TOKYO - Japan is now sweating under a murderous heatwave after a historic lengthy rainy spell earlier this month, raising fresh concerns over Tokyo's preparedness to protect athletes and spectators from the heat at the Olympic Games this time next year.
The government said on Tuesday (July 30) that 11 people died and 5,664 people were taken to hospital with heat exhaustion symptoms in the week ending Sunday.
One of those who died was a 28-year-old performer at an Osaka amusement park, who collapsed after a full-dress rehearsal on Sunday night. The operator of the entertainment venue in Hirakata city said it would cancel all costume shows in summer.
Of those taken to hospital last week, one in two was a senior citizen aged 65 and above, while one in three was between the ages of 18 and 65. The number of victims nearly tripled from the 1,948 in the previous week.
The Japan Meteorological Agency (JMA) on Monday officially announced the end of the tsuyu rainy season in the Kanto region, which includes Tokyo and the neighbouring prefectures of Kanagawa, Saitama and Chiba. This was 30 days later than last year, and eight days later than in an average year.
This came after central Tokyo experienced its cloudiest July in decades, with three hours or less of sunlight for 20 straight days ending on July 16, in what was the longest streak since 1961.
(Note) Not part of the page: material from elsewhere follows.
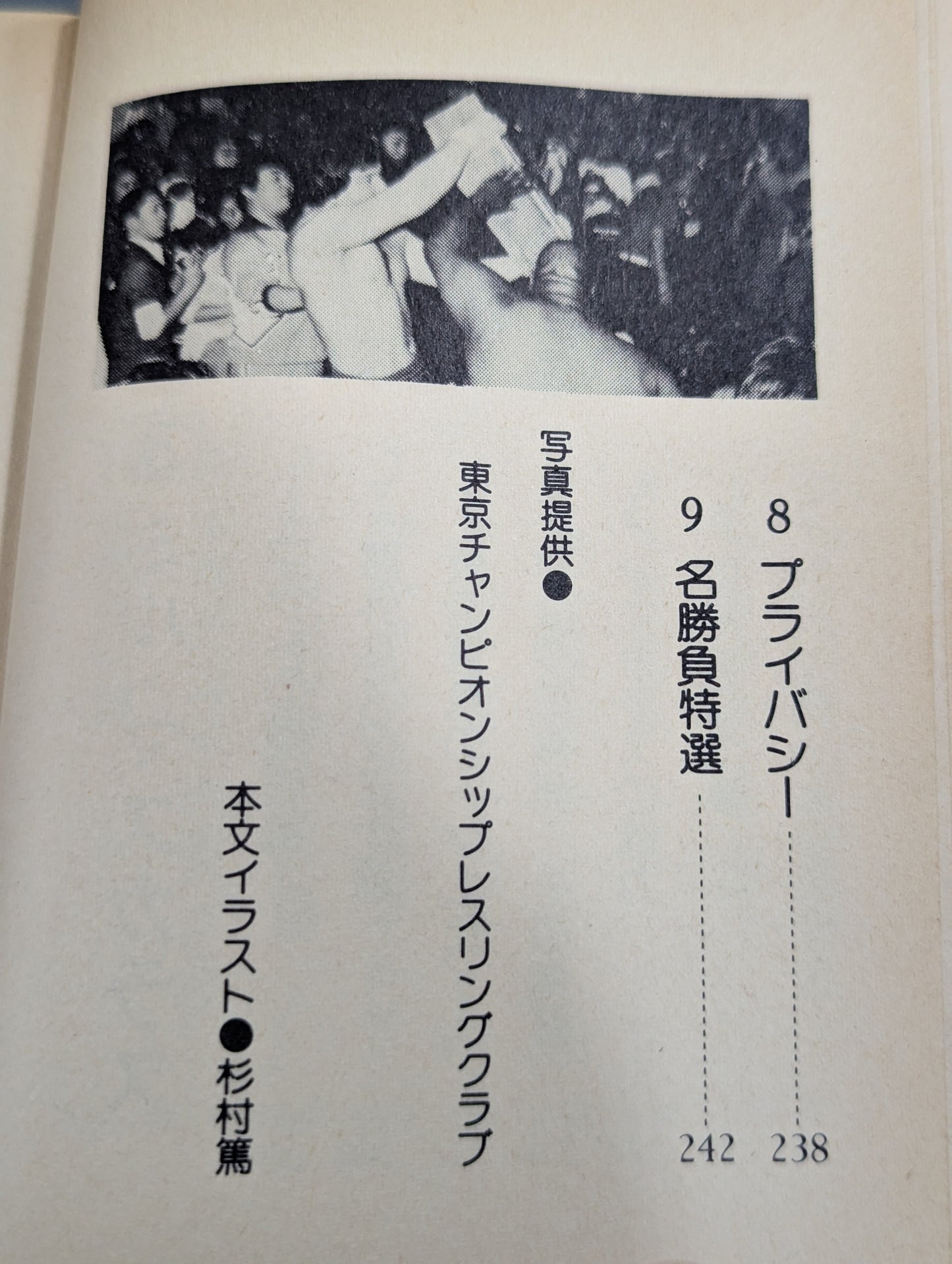 豆たぬきの本145  プロレスビッグ4
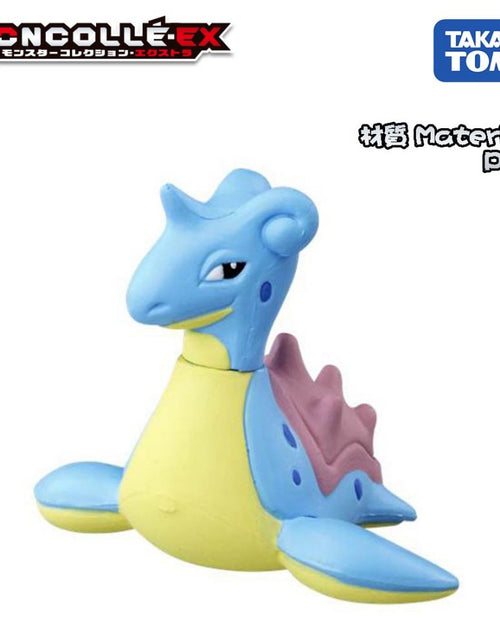 Load image into Gallery viewer, Takara Tomy Pokemon Moncolle Pocket Monster Collection EX-65 Lapras Mini figure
Tokyo's highest temperature on Tuesday was 35.4 deg C, recorded in Nerima ward in the north-west.
The JMA has urged people to stay hydrated by drinking water frequently, to block direct sunlight using curtains and use parasols or wear hats when outdoors.
It has also called on the public to set cooler air-conditioning temperatures or to ensure good air ventilation, with as many as 35 per cent of victims last week succumbing to heat exhaustion at home.
Weather forecasts this week show daytime highs of 35 deg C and above in widespread areas, including the metropolitan cities of Kyoto, Osaka, Nagoya, Hiroshima and Fukuoka. Tokyo, meanwhile, is expected to experience daytime highs of 34 deg C.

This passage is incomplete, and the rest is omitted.